WORK REQUEST => Where the records below show a line containing "INFINITI Q30 (1.6T 90kW (122CV)) en Asturias", start copying; end with the line containing "My Garden Baby Diaper Bag Carrier", and copy it too.

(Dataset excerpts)
════════════════

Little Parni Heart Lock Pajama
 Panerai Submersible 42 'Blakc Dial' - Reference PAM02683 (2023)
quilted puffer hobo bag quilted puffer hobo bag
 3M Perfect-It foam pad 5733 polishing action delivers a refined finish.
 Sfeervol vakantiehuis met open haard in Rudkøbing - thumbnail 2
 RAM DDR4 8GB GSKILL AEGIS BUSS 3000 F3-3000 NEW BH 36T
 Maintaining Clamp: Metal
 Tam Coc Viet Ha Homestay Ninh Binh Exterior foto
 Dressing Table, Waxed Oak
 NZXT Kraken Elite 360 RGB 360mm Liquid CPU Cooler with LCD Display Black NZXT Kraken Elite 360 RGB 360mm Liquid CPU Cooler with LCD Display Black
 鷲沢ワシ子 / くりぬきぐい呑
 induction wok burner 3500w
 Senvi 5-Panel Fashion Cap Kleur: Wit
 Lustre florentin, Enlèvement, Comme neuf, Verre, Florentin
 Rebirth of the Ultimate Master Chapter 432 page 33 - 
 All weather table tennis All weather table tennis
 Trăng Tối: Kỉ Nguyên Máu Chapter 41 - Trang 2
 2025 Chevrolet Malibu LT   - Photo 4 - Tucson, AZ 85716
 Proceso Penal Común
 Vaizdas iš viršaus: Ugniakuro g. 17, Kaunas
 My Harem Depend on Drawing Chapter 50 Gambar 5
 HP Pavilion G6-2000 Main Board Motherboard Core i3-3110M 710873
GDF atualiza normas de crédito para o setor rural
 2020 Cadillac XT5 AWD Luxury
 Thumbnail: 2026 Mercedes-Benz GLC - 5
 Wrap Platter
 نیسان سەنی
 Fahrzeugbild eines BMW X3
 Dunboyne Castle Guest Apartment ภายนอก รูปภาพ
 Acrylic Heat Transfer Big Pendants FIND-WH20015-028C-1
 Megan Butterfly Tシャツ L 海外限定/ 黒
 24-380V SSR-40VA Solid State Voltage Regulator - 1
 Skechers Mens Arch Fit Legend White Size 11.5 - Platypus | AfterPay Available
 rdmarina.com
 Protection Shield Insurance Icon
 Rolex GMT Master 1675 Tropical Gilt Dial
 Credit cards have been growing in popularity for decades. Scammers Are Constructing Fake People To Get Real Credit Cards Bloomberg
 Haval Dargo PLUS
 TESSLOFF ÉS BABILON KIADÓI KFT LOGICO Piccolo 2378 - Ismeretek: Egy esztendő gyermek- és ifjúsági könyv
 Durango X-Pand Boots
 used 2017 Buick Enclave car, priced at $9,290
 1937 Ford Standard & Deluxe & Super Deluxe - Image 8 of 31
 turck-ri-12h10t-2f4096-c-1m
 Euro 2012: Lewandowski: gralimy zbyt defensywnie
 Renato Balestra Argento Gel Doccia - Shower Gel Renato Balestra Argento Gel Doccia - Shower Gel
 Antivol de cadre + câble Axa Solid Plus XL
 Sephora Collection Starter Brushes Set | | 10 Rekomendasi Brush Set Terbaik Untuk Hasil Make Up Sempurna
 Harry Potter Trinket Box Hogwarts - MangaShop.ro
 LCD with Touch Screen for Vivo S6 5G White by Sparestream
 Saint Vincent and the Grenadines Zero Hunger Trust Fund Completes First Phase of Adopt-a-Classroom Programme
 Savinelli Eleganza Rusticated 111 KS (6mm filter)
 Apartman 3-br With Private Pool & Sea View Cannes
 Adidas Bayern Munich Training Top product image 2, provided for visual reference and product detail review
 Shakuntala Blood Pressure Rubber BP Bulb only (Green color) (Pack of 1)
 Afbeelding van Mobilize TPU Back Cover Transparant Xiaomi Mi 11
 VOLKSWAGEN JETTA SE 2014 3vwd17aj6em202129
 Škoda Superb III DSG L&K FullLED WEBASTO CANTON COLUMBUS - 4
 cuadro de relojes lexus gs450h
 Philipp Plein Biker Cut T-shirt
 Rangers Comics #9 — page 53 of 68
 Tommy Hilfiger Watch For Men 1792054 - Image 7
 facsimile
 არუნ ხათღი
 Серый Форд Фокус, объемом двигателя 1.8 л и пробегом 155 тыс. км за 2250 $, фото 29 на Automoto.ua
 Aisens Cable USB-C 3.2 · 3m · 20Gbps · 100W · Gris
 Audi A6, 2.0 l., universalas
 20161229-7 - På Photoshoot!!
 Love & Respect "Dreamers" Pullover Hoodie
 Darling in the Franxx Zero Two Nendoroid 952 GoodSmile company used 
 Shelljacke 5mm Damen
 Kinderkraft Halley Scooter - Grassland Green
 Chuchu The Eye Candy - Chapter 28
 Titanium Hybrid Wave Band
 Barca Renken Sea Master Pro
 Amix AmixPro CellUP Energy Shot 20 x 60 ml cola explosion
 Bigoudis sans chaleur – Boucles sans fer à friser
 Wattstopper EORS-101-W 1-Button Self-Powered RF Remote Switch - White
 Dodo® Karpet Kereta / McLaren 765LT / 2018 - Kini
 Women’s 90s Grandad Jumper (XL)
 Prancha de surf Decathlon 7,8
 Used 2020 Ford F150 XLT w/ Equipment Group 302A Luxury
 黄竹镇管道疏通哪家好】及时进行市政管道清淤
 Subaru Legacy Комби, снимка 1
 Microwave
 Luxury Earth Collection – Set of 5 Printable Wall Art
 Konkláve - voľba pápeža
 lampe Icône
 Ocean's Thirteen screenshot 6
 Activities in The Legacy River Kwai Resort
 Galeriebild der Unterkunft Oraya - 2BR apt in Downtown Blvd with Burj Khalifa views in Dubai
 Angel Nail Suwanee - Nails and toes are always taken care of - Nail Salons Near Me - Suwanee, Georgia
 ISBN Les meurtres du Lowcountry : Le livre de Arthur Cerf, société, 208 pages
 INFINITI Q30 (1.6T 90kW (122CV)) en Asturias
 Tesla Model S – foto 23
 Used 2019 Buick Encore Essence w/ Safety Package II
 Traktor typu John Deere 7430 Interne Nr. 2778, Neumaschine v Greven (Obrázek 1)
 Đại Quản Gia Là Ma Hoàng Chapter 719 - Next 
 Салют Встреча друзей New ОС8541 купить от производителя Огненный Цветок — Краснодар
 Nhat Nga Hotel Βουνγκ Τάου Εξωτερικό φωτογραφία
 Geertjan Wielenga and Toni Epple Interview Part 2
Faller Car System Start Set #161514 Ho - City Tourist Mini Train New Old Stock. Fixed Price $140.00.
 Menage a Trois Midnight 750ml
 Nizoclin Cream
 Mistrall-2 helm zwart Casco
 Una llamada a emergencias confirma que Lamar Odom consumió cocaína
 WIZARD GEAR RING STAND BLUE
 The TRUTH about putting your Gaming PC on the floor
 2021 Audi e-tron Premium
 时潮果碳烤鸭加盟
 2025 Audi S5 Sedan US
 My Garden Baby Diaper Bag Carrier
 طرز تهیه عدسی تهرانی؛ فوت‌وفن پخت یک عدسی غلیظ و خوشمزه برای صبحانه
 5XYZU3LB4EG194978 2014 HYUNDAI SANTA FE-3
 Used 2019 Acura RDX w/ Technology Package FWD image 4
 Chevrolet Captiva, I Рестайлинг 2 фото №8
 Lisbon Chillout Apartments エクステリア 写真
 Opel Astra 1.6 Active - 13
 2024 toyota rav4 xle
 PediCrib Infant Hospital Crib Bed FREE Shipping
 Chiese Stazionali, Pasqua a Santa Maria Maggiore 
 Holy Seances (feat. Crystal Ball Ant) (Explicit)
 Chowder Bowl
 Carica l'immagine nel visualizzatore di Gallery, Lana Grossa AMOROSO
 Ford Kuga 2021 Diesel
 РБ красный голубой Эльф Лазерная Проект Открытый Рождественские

════════════════

YOUR RESPONSE =>
 INFINITI Q30 (1.6T 90kW (122CV)) en Asturias
 Tesla Model S – foto 23
 Used 2019 Buick Encore Essence w/ Safety Package II
 Traktor typu John Deere 7430 Interne Nr. 2778, Neumaschine v Greven (Obrázek 1)
 Đại Quản Gia Là Ma Hoàng Chapter 719 - Next 
 Салют Встреча друзей New ОС8541 купить от производителя Огненный Цветок — Краснодар
 Nhat Nga Hotel Βουνγκ Τάου Εξωτερικό φωτογραφία
 Geertjan Wielenga and Toni Epple Interview Part 2
Faller Car System Start Set #161514 Ho - City Tourist Mini Train New Old Stock. Fixed Price $140.00.
 Menage a Trois Midnight 750ml
 Nizoclin Cream
 Mistrall-2 helm zwart Casco
 Una llamada a emergencias confirma que Lamar Odom consumió cocaína
 WIZARD GEAR RING STAND BLUE
 The TRUTH about putting your Gaming PC on the floor
 2021 Audi e-tron Premium
 时潮果碳烤鸭加盟
 2025 Audi S5 Sedan US
 My Garden Baby Diaper Bag Carrier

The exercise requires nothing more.